What Does The Black Widow Delay Mean For Disney?
Black Widow Delays Its Bow
Okay, so MickeyBlog.com pounced on the frustrating news about the (latest) Black Widow delay.
However, none other than The Washington Post — yeah, the paper that brought down Nixon (there are two movies about that) — used precious ink (and bytes) reporting and speculating about the future of Disney’s release schedule.
That said, they started by pointing out a NON-Disney film that set the tone.
Tenet Set The Tone
Americans’ reluctance to return to theaters was solidified this month when Warner Bros. released “Tenet,” the new Christopher Nolan action adventure, in theaters in cities that were open. The film has done well internationally, grossing $215 million since coming out a month ago.
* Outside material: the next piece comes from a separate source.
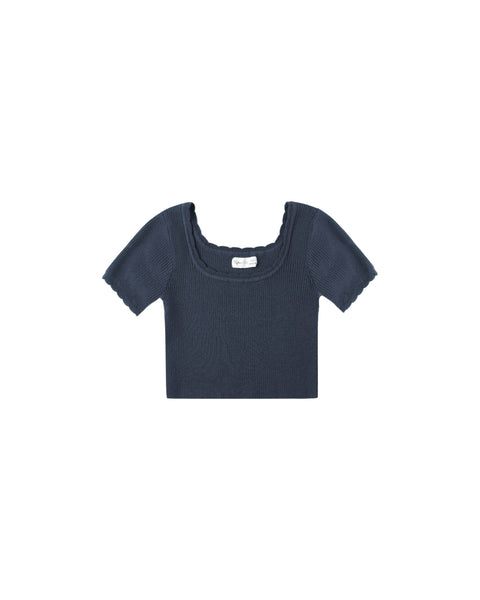 Teen Scallop Tee | Navy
But it collected just $36 million over three weekends in the United States, an exceedingly modest sum for a filmmaker who usually grosses many times that.
That coupled with the Mulan fiasco, and welp:
- Originally scheduled for May of this year, then moved to November, “Black Widow,” the latest installment in the Marvel Cinematic Universe, won’t be released until May of next year, Disney said.
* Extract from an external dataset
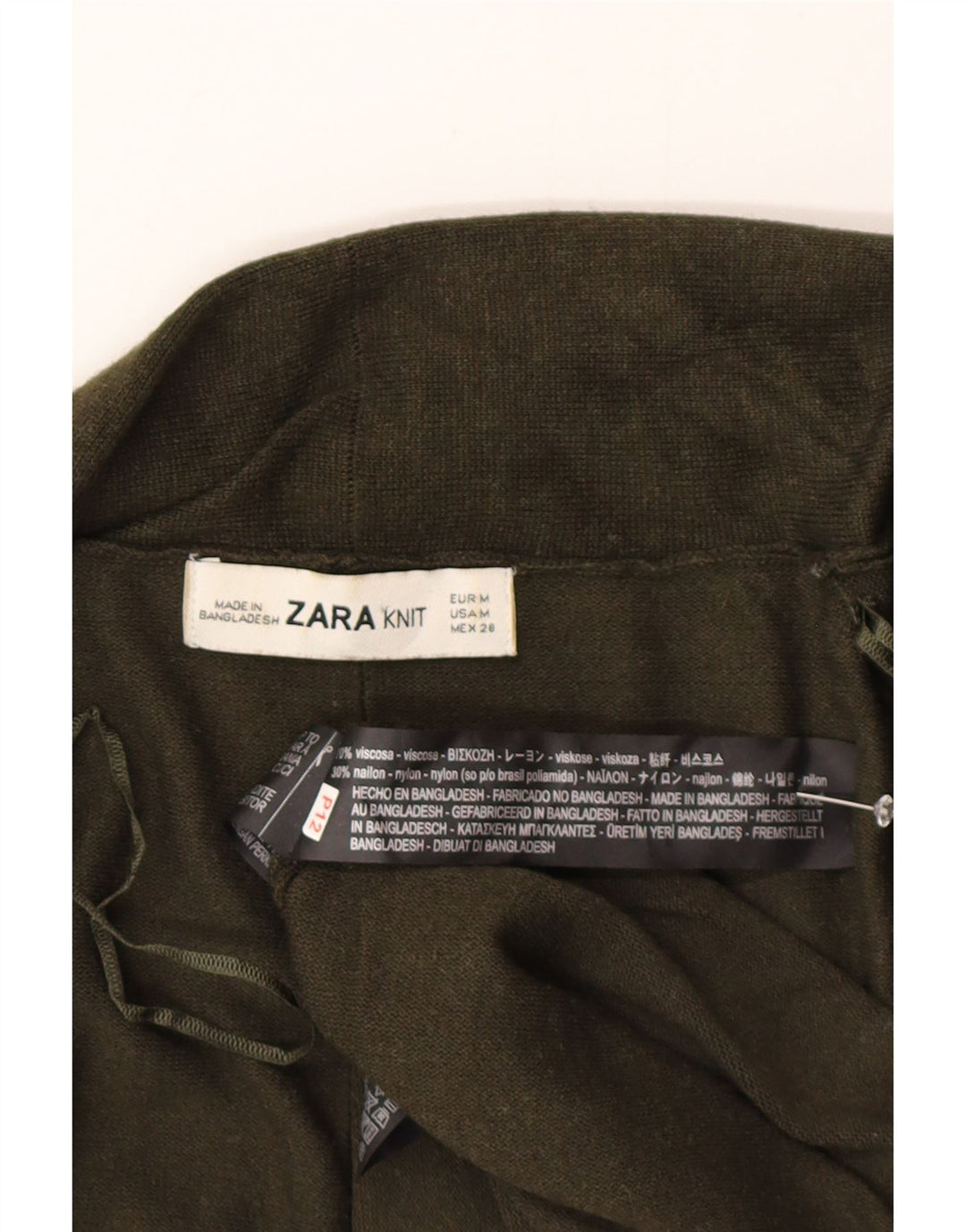 Maglione cardigan aperto da donna Zara UK 12 Viscosa verde medio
- “West Side Story,” Steven Spielberg’s version of the iconic musical that had been one of the most anticipated films of the holidays, has been pushed a full year from this December to December 2021.
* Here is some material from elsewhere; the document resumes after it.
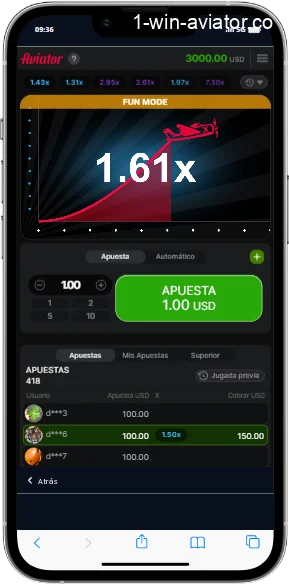 Captura de pantalla del juego Aviator en la aplicación 1Win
- And “Eternals,” Chloé Zhao’s take on the immortal alien race for the Marvel franchise, won’t be released until November 2021, a full year after its original release date.
No Black Widow: What Does The Delay Mean?
So, what does all of this mean to Disney? To movie theaters?
The near-term effect on Disney’s bottom line will be considerable. Disney drew nearly $3 billion in profit from theatrical films last fiscal year; the latter number represented nearly 20 percent of its total profit.
And, for theaters – the news is awful:
The top five films at the domestic box office in 2019 all came from Disney, including juggernauts such as “Avengers: Endgame,” “The Lion King” and “Star Wars: Episode IX — The Rise of Skywalker,” each of which grossed over a half-billion dollars in the United States.
And, in the end, it shows how much Disney relies on movie theaters and, vice versa.
Finally, given how successfully the re-opening of Walt Disney World has been. AND given how much Disney likes to control their consumer’s environment from start to finish. HOW about a bet that The Walt Disney Company will soon be in THE MOVIE THEATER BUSINESS?
B-B-B-But that’s illegal. Right? Nope.
With the old decrees out of the way, the road is now open for big studios like Disney to look beyond single small theaters and set their sites on nationwide giants, if they’re so inclined.